Un saggio di Hervé A. Cavallera sulle intuizioni di un gruppo di pensatori che prefigurò «una anticipazione dello Stato sociale, ma con l’accortezza di non incorrere negli sprechi»

L’illuminismo italiano ha avuto uno dei suoi luoghi dell’elezione nella Napoli di Antonio Genovesi, durante il regno di Carlo di Borbone (1734-1759), successivamente re di Spagna con il nome di Carlo III. Se l’illuminismo milanese ebbe, con Verri e Beccaria, tratto eminentemente pragmatico, quello meridionale fu più speculativo, attento, in particolare: «a dare più alta forma al gran Regno, affinché fosse a tutti estesa la pubblica felicità» (p. 5). L’azione di riformismo illuminato messa in atto da Carlo, fu proseguita da Ferdinando. La continuità fu garantita dall’opera di solerti intellettuali salentini sui quali porta la propria attenzione Hervé A. Cavallera nella sua ultima fatica. Ci riferiamo a, Il progetto di un mondo migliore. Il contributo degli illuministi salentini, nelle librerie per i tipi delle Edizioni Grifo (pp. 277, euro 20,00). Si tratta di una raccolta di saggi, completata in Appendice da tre ulteriori studi dell’autore, Onorario dell’Università del Salento e curatore dell’opera omnia di Giovanni Gentile, dedicati a personaggi e aspetti specifici dell’illuminismo leccese.

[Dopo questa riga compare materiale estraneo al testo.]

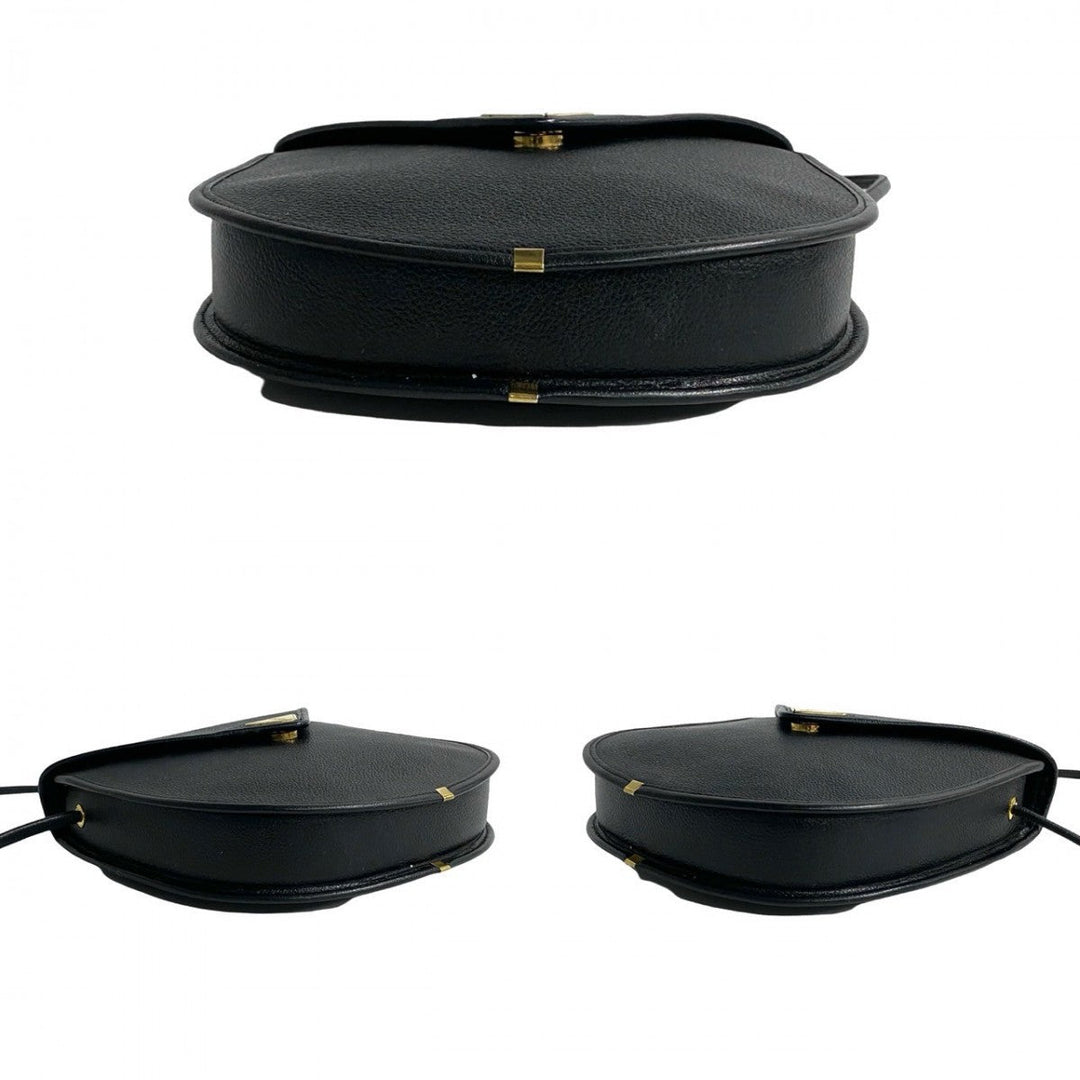 YVES SAINT LAURENT Shoulder Bag leather black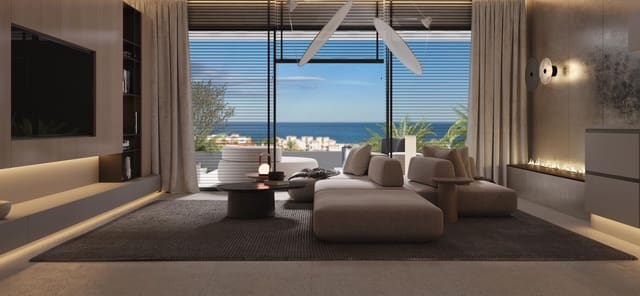 Piso de 2 habitaciones en Buenas Noches, Estepona en venta con piscina garaje - 570.000 € (Ref: 10101452)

   Il Regno di Carlo è ricordato dagli storici soprattutto per il Codice carolino, pubblicato solo nel 1789. Benedetto Croce ha scritto a proposito di quel frangente storico: «quei venticinque anni furono di risoluto progresso […] certamente nuovi mali non si aggiunsero agli antichi, e gli antichi furono attenuati, e il paese respirò» (p. 58). Fu introdotto il catasto onciario, nella speranza di rendere più equa la distribuzione del carico fiscale ma i risultati non furono del tutto convincenti, fu   consentito  tassare alcune proprietà della Chiesa, fu ridotto il numero degli ecclesiastici e limitata la loro immunità con la costituzione di un tribunale misto. Fu, altresì, vietata l’istituzione a Napoli dell’Inquisizione, onde garantire la libera circolazione delle idee. In tutto ciò giocarono un ruolo essenziale alcuni ministri dell’illuminato sovrano. Tra essi, Tanucci, docente di diritto civile a Pisa e il principe Bartolomeo Corsini, nipote di papa Clemente XII. In tutto ciò, un ruolo di primo piano  lo giocò Antonio Genovesi, sodale degli illuministi salentini.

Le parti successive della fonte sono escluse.